Rethinking Where to Look at the Lord’s Supper, by D.J. Curl

Where are you looking when you participate in the Lord’s Supper? Chances are, if you are anything like me, your first course of action is to physically look down to the ground, and then mentally to look inward at yourself as you diagnose your actions the past week/month in light of Christ’s sacrifice on the cross. While this is not wrong all-together, I do believe that God’s Word leads us to a fuller course of actions. These actions will be labeled looking back, looking side-to-side and looking forward.

I have written this article with the members of The Masters Community Church in mind, but these biblical principles are timeless and apply to every Church under heaven that meet in the name of the Lord Jesus Christ.

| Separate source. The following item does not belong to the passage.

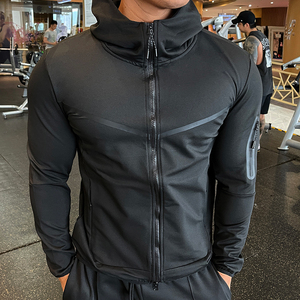 Veste de sport à capuche zippée pour homme, en softshell extensible de haute qualité, avec poches zippées, idéale pour la course à pied, la gym et l'entraînement. - Product Image 1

My hope is that this article will show how these three acts have the ability to enable God’s people to further appreciate their Savior’s sacrifice in the past which will unleash God’s unifying power in the present causing them to look to their Savior’s return in the future. Enough introduction. Let’s start looking!  

Looking Back

“Do this in remembrance of me” (Luke 22:19; 1 Corinthians 11:24) Remembrance is something that we are not good at in the West. It is often hard for us to remember what we had for lunch better yet an event that occurred some 2000 years ago. Did Jesus not expect this when he gave the meal? In short, yes. I believe that this is one of the primary reasons why He did give the meal because He knows how prone His people are to forget their identity and the grounds for that identity.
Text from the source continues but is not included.